Friday, January 25, 2013

Reflection Friday Week 2 (Year C) Fr. Michael U. Udoekpo



Reflection Friday Week 2 (Year C) Fr. Michael U. Udoekpo
Readings: Heb 8:6-13 Ps 85; 8, 10-14; Mark 3:13-19

The New Covenant of Love,


Those of us who play soccer, 11 players are required for each side. Both sides need umpires in the centre and on the side lines, as mediators for the game to be played effectively and smoothly, without unnecessary arguments. Most sports, Base ball, Lawn Tennis, Basket ball name them, requires umpires or mediators too. Even though, there are usually still some arguments, even with their presents, the benefits of their roles cannot be overemphasized.

In our spiritual journeys, “spiritual sports” we have always need umpires, check and balances in forms of the covenant God had established with us through our ancestors, Abraham, Isaac, Jacob, Moses, David and the prophets, renewed in Christ Jesus.

The old covenant required strict laws and obedience to those laws. But the new covenant we al read in Jeremiah 31:31-34, which the author to the letter to the Hebrews lovingly and insightfully quotes at length, is based on love. It is written in our hearts. People obey them not because they are forced, but out of love, freewill and volition. Our respond to God is based on love. It is a covenant of a new kind since the first was not sufficient. In fact it has become obsolete.

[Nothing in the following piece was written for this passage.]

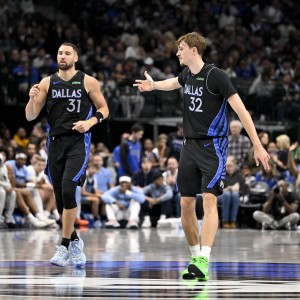 半岛体育app下载-独行侠挑战雄鹿 弗拉格、克莱和克里斯蒂三位主力都出战存疑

The new covenant has a universal effect, men, women and children will know God, the rich an the poor. It has the power of washing away our sins “for I will forgive their evildoing and remember their sins no more.”  The new covenant is broader in scope, embracing both 12 tribes of Israel 10 from the North and 2 from the South. It is a covenant of love and unity mediated by Christ.

No wonder Marks Gospel 3:13-19, Jesus the mediator of the new covenant summoned those he loved, those he wanted. Like in the case of the 12 tribes of Israel, Jesus significantly summoned not one, not half, not ten, not two, but the whole Twelve, whom he also named apostles.

The new covenant has the power to unit. It has the power to reconcile us with God and with one another. It is a covenant of love.  May we see ourselves among the twelve! And may our dealings and interaction with one another, our studies and works, be daily based on Christ’s love- the mediator of the new covenant.